At A, connection of two diodes to act as an ac limiter. At B, illustration of sinewave peaks cut off by the action of the diodes in an ac limiter.
In previous sections you learned that a diode will not conduct until the forward-bias voltage is at least as great as the forward breakover voltage. There’s a corollary to this: a diode will always conduct when the forward-bias voltage reaches or exceeds the forward breakover voltage, when the device is conducting current in the forward direction. In the case of silicon diodes this is approximately 0.6 V. For germanium diodes it is about 0.3 V, and for selenium diodes it is about 1 V.
This phenomenon can be used to advantage when it is necessary to limit the amplitude of a signal, as shown in above figure.

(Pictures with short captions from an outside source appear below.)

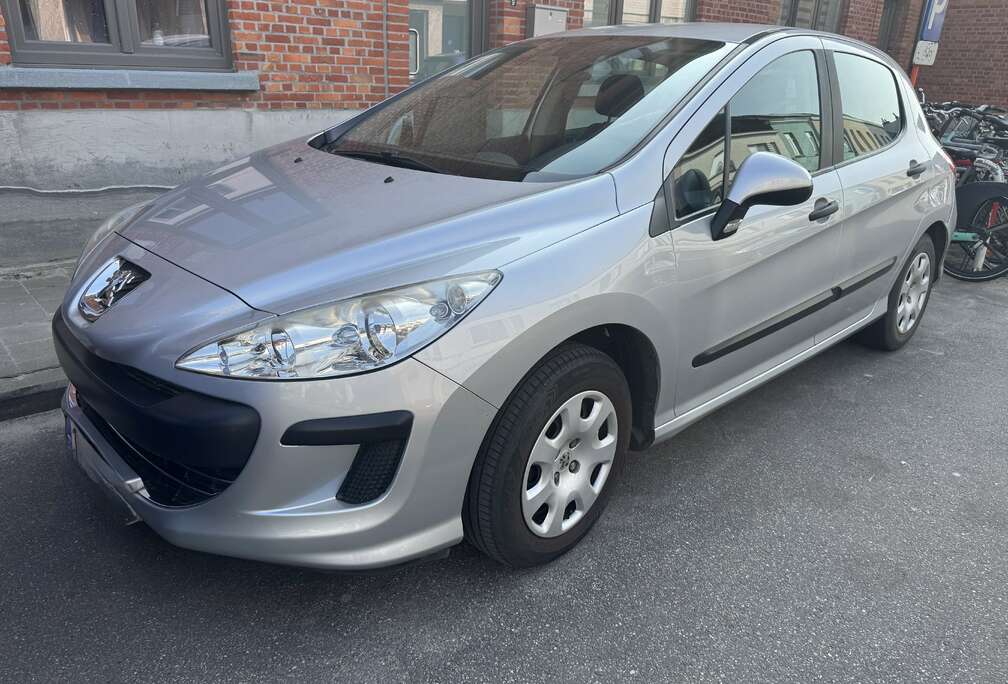 Peugeot 1.4i Confort Pack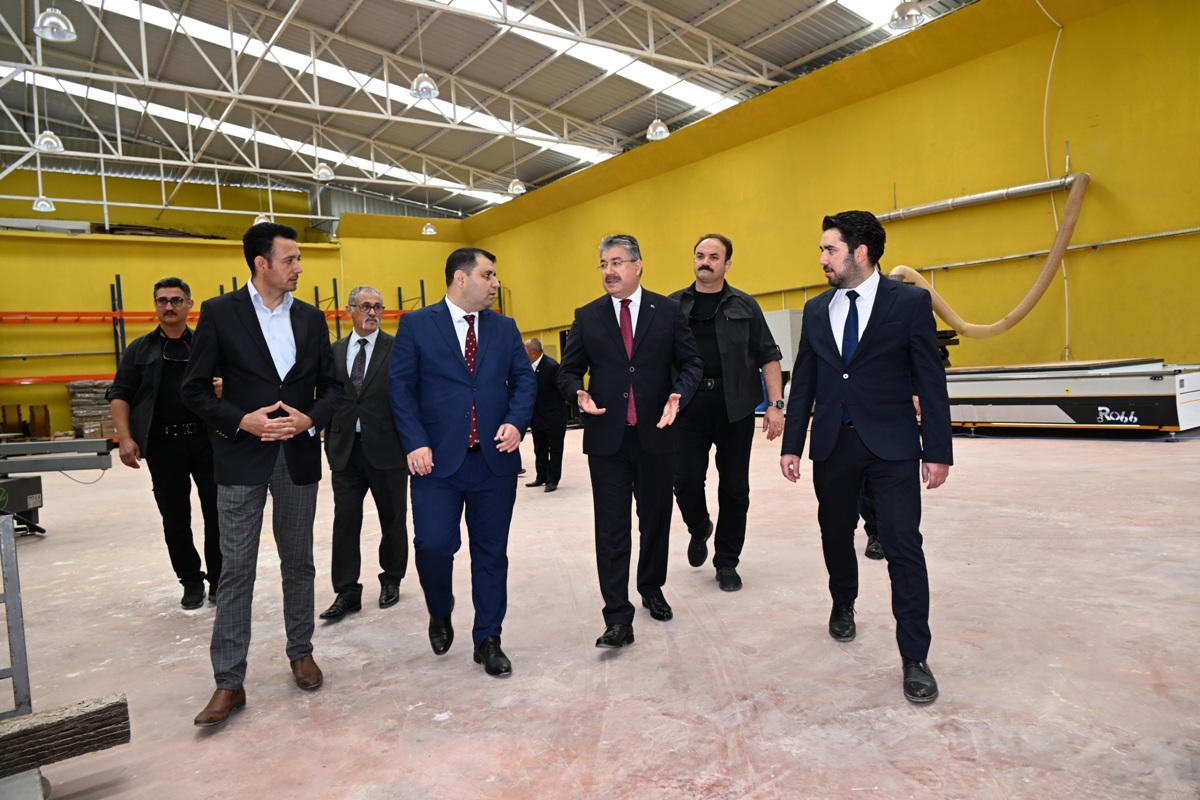 Vali Dr. Erdinç Yılmaz, Bahçe Kaymakamlığı Modüler Ahşap Mobilya Üretim Tesisinde İncelemelerde Bulundu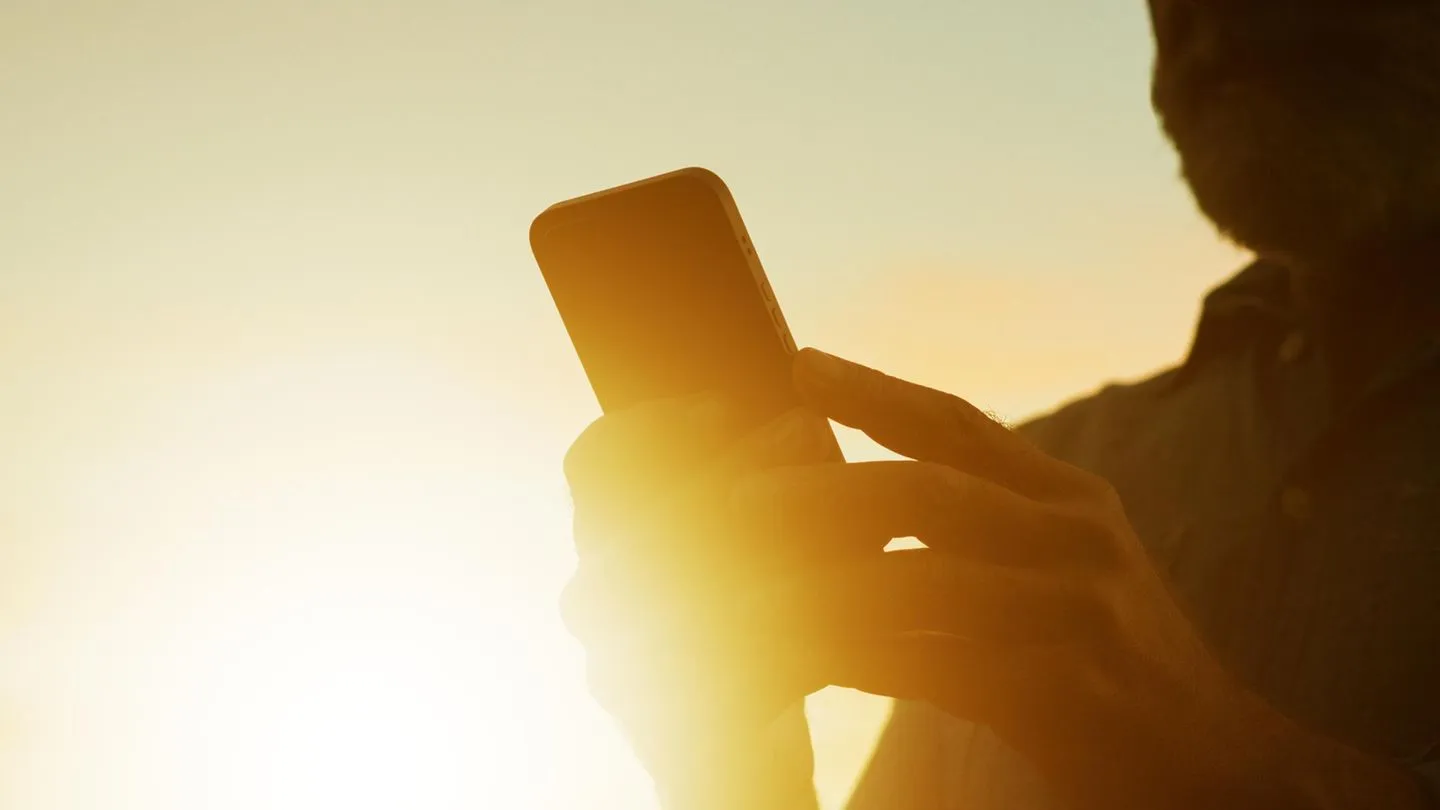Empfindliche Technik: Ihr Smartphone verträgt Hitze schlechter, als man glaubt — so schützen Sie es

By connecting two identical diodes back-to-back in parallel with the signal path (A), the maximum peak amplitude is limited, or clipped, to the forward breakover voltage of the diodes. The input and output waveforms of a clipped signal are illustrated at B. This scheme is sometimes used in radio receivers to prevent “blasting” when a strong signal comes in.
The downside of the diode limiter circuit, such as the one shown in above figure, is the fact that it introduces distortion when clipping occurs. This might not be a problem for reception of digital signals, for frequency-modulated signals, or for analog signals that rarely reach the limiting voltage. But for amplitude-modulated signals with peaks that rise past the limiting voltage, it can cause trouble.